O trabalho escravo no Brasil contemporâneo

Enviada em 25/05/2021

Na obra literária: “O cortiço” - de Aluísio Azevedo, o autor retrata a exploração trabalhista, por via do personagem João Romão, que representa a visão capitalista que busca enriquecer a qualquer custo, desde do abuso ao roubo de seus subordinados. Contudo, observa-se, na hodiernidade, que o trabalho escravo ainda está cravado de modo intrínseco na sociedade brasileira. No entanto, tomou-se novos modelos que consegue encobrir, diga-se de passagem, de ser escancarado em frente a nação.

Deve-se pontuar, de início, a negligência do poder público acerca do trabalho escravo no Brasil contemporâneo, uma vez que o Estado não promove diplomacias adequadas para a fiscalização das atividades irregulares efetivadas no país, contribuindo assim, para consequências como: Ausência de direitos trabalhistas, baixas remunerações, ocupações excessivas com uma enorme carga horária. De acordo com Castro Alves, no poema návio negreiro - “Existe um povo que a bandeira empresta, P’ra cobrir tanta infâmia e cobardia!”. Por analogia, nota-se que o Estado têm sido violento ao omitir dignidade ao seu povo, tendo em vista que a legislação é ineficiente, dado que a penalidade mínima para condições análogas à escravidão seja apenas de cinco anos de reclusão em regime fechado.

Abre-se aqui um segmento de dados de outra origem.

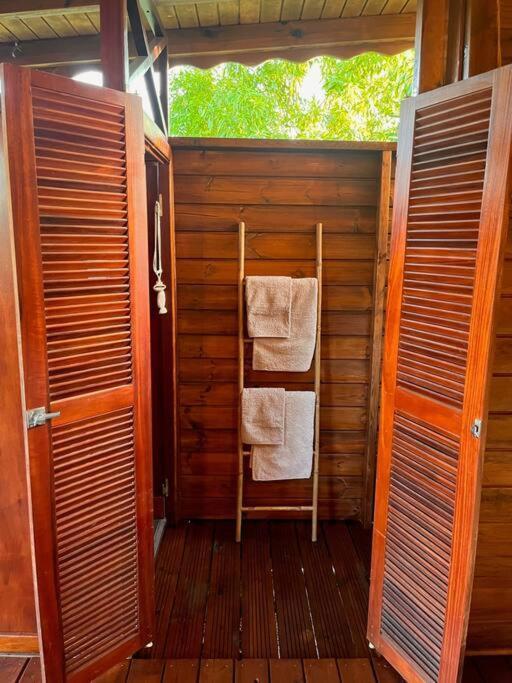 Bungalow Avec Jacuzzi Privatif Villa Sainte-Rose Exterior foto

Outrossim, é necessário enfatizar a relevante colaboração da indústria cultural nas ocupações associadas à escravidão, posto que o mercado nutre apenas o lucro e a concentração de poder para com a oligocracia, corroborando fins que mantém baixos custos, além de promover desigualdade para que, cada vez mais seja preciso fomentar moldes que prendam o homem nesse ciclo. Segundo o geólogo Milton Santos, “A globalização quer culpar os miseráveis pela sua própria miséria”. A partir desse ponto, percebe-se que, para o sistema, é benéfico e lucrativo que existam pessoas miseráveis passando fome, porque, assim, elas vendem sua mão de obra por um preço mais barato, tornando-se até escravas para conseguir o que comer.

Entende-se, portanto, que o Brasil ainda vive dentro de um návio negreiro pela sua ausência de justiça. Assim sendo, é responsabilidade do Ministério Público, por intermédio das prefeituras municipais, viabilizar verbas do orçamento público para projetos que possuam a finalidade de supervisionar os setores de periférias, zonas rurais e garimpos no qual ocorre maiores explorações, sobretudo nas áreas de baixa rentabilidade. Além de aplicar campanhas de abrangência nacional junto às emissoras abertas de televisão, com intuito de alavancar denúncias sobre o assunto. Em suma, cabe ao Ministério da Educação, por meio das escolas, implantar na grade didática do ensino médio, mecanismos de informações como: palestras e oficinas, a fim de conscientizar os impactos socioeconômicos e socioculturais em volta da escassez de recursos e da fome, que migram o indivíduo para a escravidão.